En outre, l’évolution de la situation internationale, marquée par le retour de la guerre en Europe et les tensions dans la région Indo-Pacifique, donne un argument supplémentaire à la construction de deux PA NG. C’est, en tout cas, ce qu’avance le député Yannick Chenevard [Renaissance], dans son avis budgétaire sur les crédits de la Marine nationale pour 2023.

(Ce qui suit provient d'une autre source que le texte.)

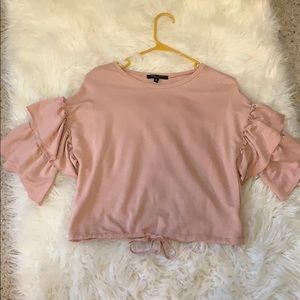 Pink Short Layered Sleeve Shirt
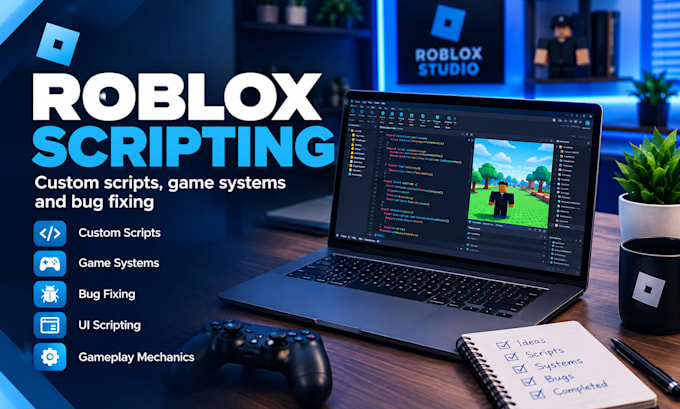 do custom roblox scripting, game systems and bug fixing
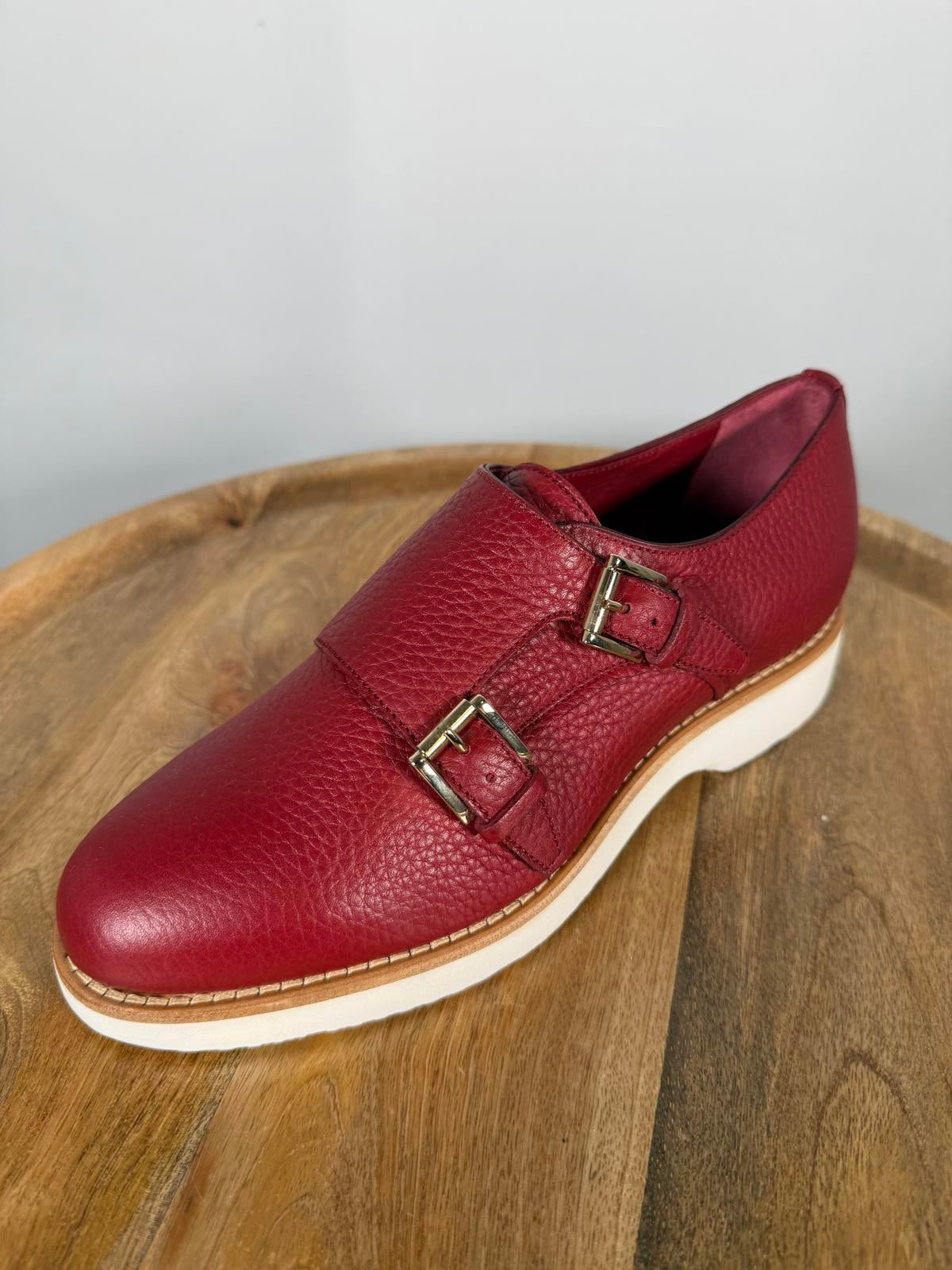 Santoni Made In Italy Red Leather Double Monk Strap Shoe US 5 / EU 35 NWB $900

Estimant que la France sera durablement exposée à des menaces qui ne pourront que s’accentuer dans les années à venir, le député plaide pour donner une « nouvelle ambition » à la Marine ». Mais d’abord, il faudrait, selon lui, répondre à trois questions : « que doit-elle être capable de faire? », « doit-elle être capable de le faire seule ou en coopération? » et, enfin, « quels doivent être ses moyens? »

Selon M. Chenevard, « la réponse à cette dernière question, qui implique des choix capacitaires et technologiques structurants, est évidemment étroitement dépendante de celle apportée aux deux précédentes », qui seront probablement tranchées par la prochaine revue nationale stragique, laquelle sera dévoilée par le président Macron le 9 novembre, à Toulon [faut-il y voir un signe?].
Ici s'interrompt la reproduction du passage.